The mammoth screen size means unfortunately that it also comes with a hefty price tag of around £3,799, but the TV is packed with features including support for active 3D and online services, built-in Wi-Fi and Panasonic's latest NeoPlasma screen technology, which promises deeper black levels and brighter pictures.

User interface and EPG

One thing is for certain when it comes to Panasonic's TVs: you don't buy them if you're a fan of flashy menu systems. The menus are definitely the worst thing about the VT50, as its dated onscreen graphics look out of place on what is otherwise a very advanced TV. On the plus side, the simplicity of the menus does mean they're easy to navigate, as the layout is very straightforward. Unlike on some of LG and Samsung's sets, there aren't multiple ways of accessing the same features.

Panasonic TX-P65VT50B
The menu system looks dated compared to those on competitors' TVs.

Panasonic has fortunately put some work into improving its EPG. The advert placeholders that muscled their way into the EPG on last year's models have been removed, so there's a tad more space on the screen for displaying upcoming programmes.

The presentation is still a let down though, as once again the text and graphics look very unsophisticated. It's also lacking a live video window and doesn’t keep the sound running when you open the EPG, with the result that you quickly lose track of what's going on in the show you're watching whenever you check out the guide.

The TV comes with two remote controls. The standard zapper is attractive and thoughtfully designed. It's reasonably large and has comfortably sized buttons that are intelligently laid out, so that all the key features are within easy reach of your thumb.

Panasonic has also added a second touchpad remote control. This is much less successful as a means of navigating the menus however, and I found it fiddly to use for all but the most basic tasks.

Digital media and Internet features

As with Panasonic's GT50 and WT50 models, this TV has a dual-core processor powering its smart TV features. The main advantage of having the extra core is that it allows the TV to support multi-tasking for Smart TV apps, so you can have multiple apps running in the background and switch between them as you like, rather than having to exit each app to start another one.

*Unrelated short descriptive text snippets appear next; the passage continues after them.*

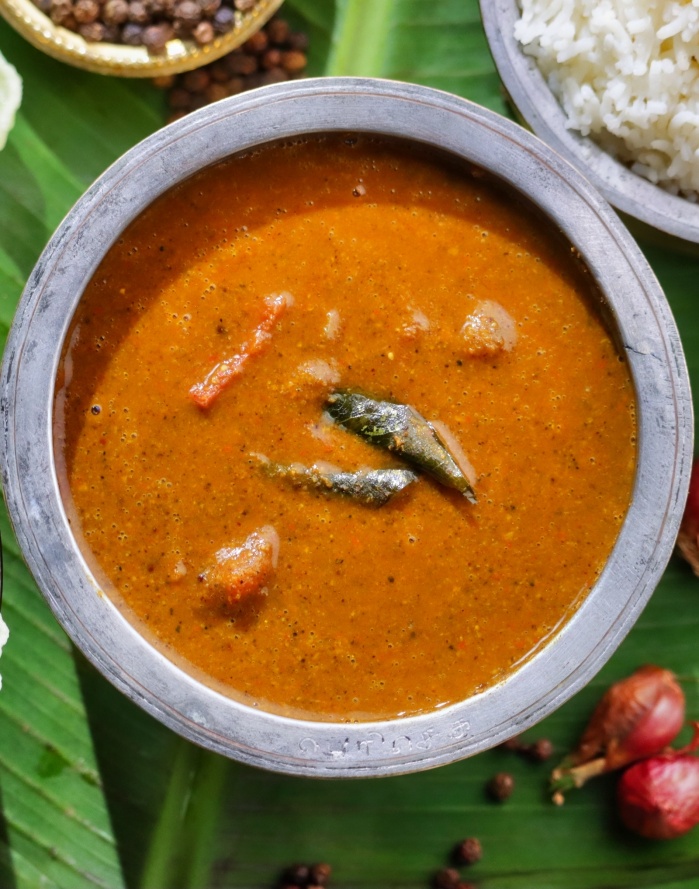 Tamilnadu Special Pepper Kulambu | Miriyala Pulusu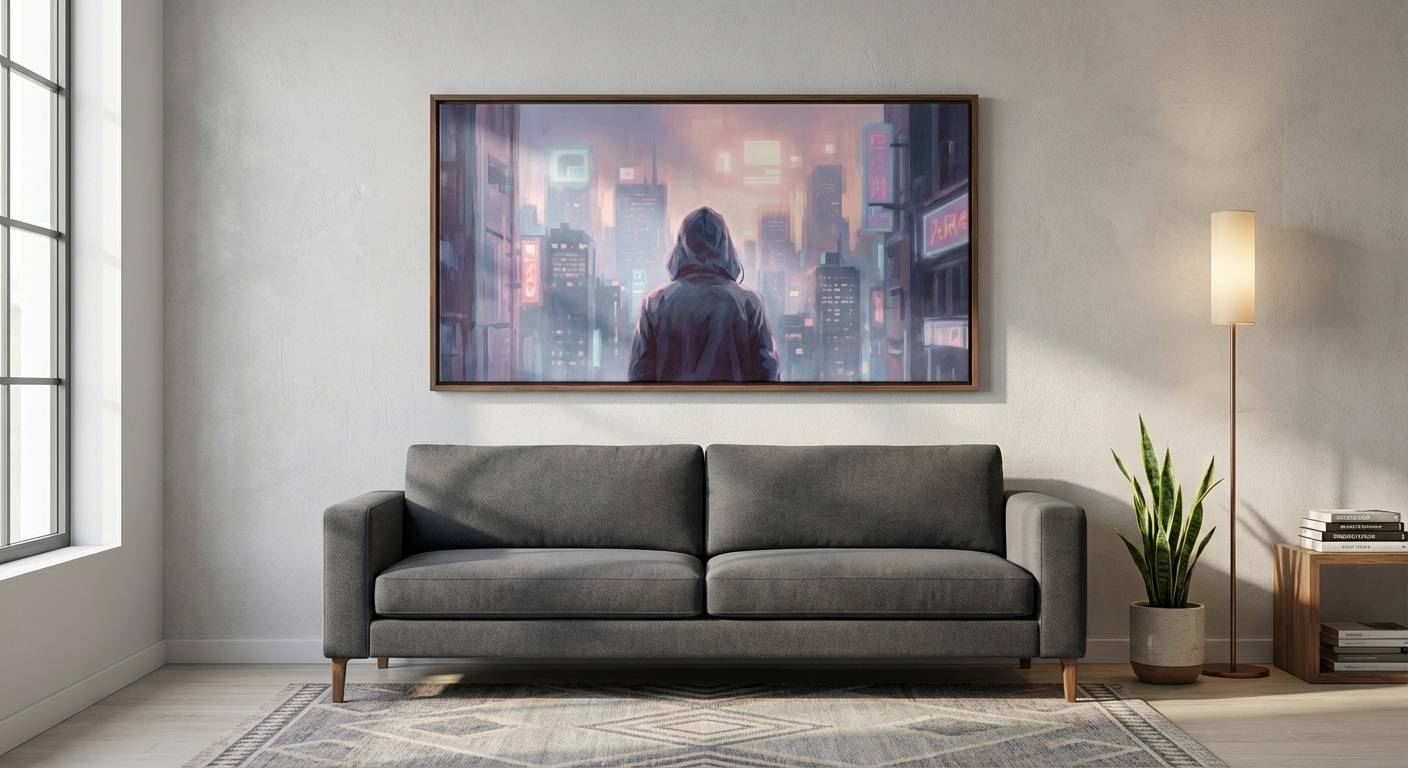 Echoes of a Distant Urban Glow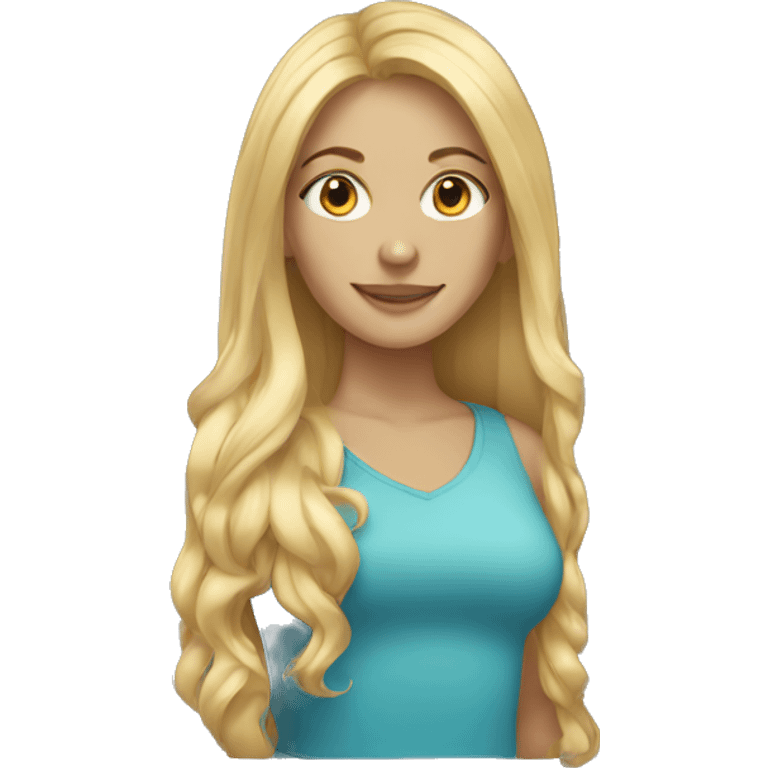 blonde woman with long hair emoji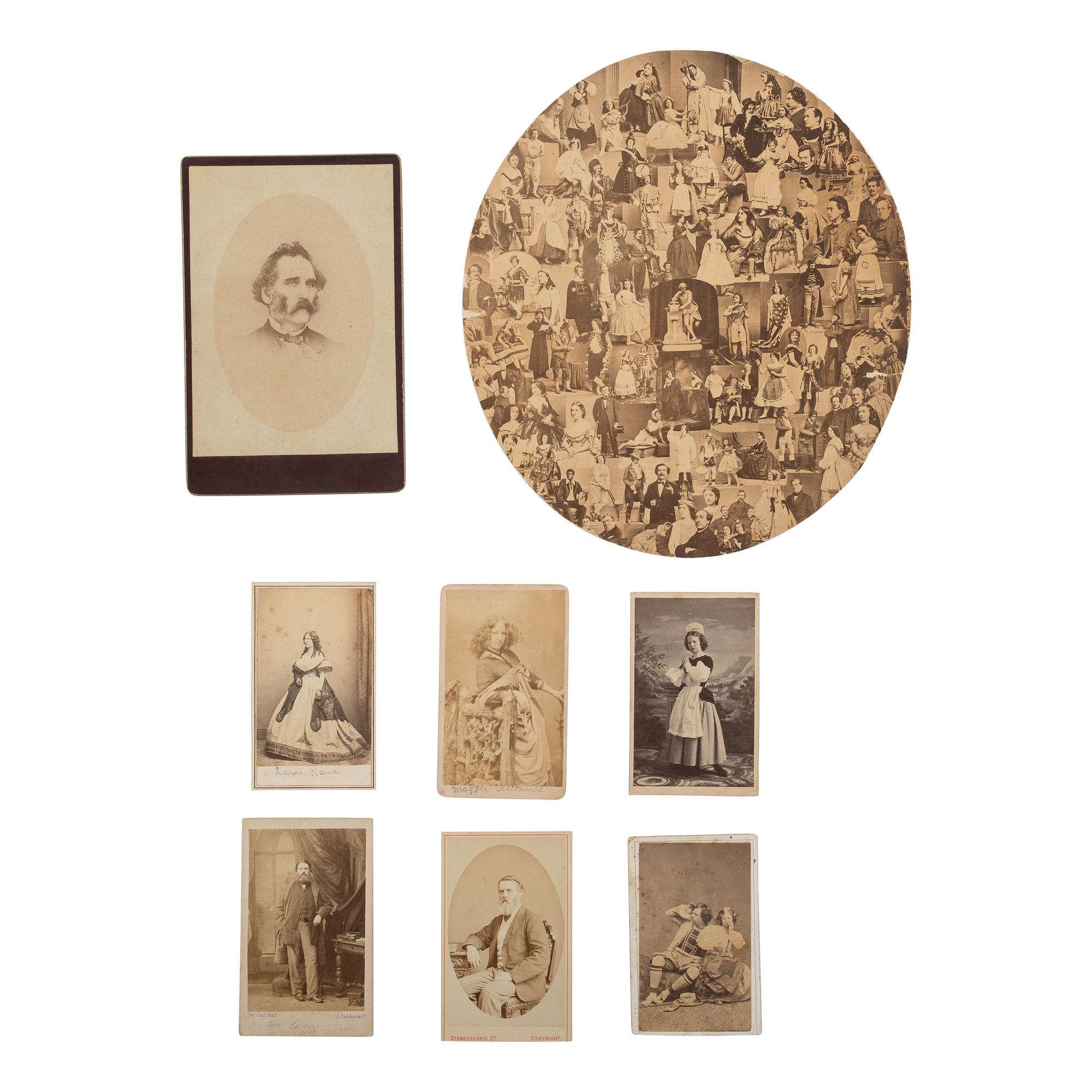 [Lincoln, Abraham] Group of 16 Items Related to Ford's Theatre Performers, incl. Sothern and Keene.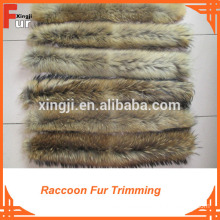 Best workmanship, Natural Brown / Raccoon Fur Trim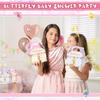 TaoBary 24 Pcs Floral Fairy Treat Boxes Floral Fairy Garden Goodie Party Favor Butterfly Theme Gift Boxes for Girl Birthday Baby Shower Party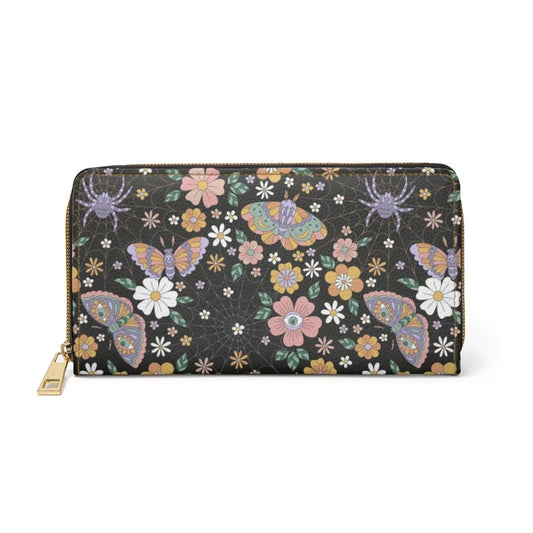 Psychedelic Spooky Zipper Wallet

To switch apps you press the Viera Tools button on the remote. The corner of the screen then curls up to show the apps that are currently running, allowing you to choose the one you want to jump into.

The other benefit of the dual-core processor is that apps seem to load slightly faster and are smoother to use, although the difference in this regard between Panasonic's dual- and single-core processor TVs is hardly significant.

Panasonic TX-P65VT50B
There's a good range of smart apps, but it's missing some big hitters such as Lovefilm.

The interface for the smart TV platform could do with a spruce up as it looks a bit blocky and there's rather too much lag in the transitions between the different pages of apps. A 3D-style layout is used, with grids of apps stacked on top of on another. As you add more apps across multiple grids however, the stacks start to feel on the cumbersome side, and navigation between layers becomes tedious.

The TV packs a fairly exciting lineup of apps, including the likes of BBC iPlayer, YouTube, Daily Motion and Vimeo. There's also support for movie services such as Acetrax and Netflix, as well as news and sports apps form the BBC. Naturally, Facebook and Twitter are all present and correct, and there's even a joint app that overlays feeds from social networks onto whatever happens to be playing -- so, for example, you can follow what people are saying while watching The X Factor. Nevertheless, it's missing some big hitters that you'll find on competitor's Smart TV platforms such as Lovefilm, Demand 5 and ITV Player.

The TV also packs a full web browser, although it's a bit torturous to navigate a website using the remote -- even the touchpad one. If it seems like too much effort, you can always use Panasonic's iPhone and Android apps to catch and throw web pages straight from a phone or tablet to the TV's web browser -- and Flash is supported, so it can play video on some websites.

Panasonic's built-in media player has also been improved, so it will now happily play video formats like MKV and DivX either locally from USB drivers or by streaming them from a PC across a network.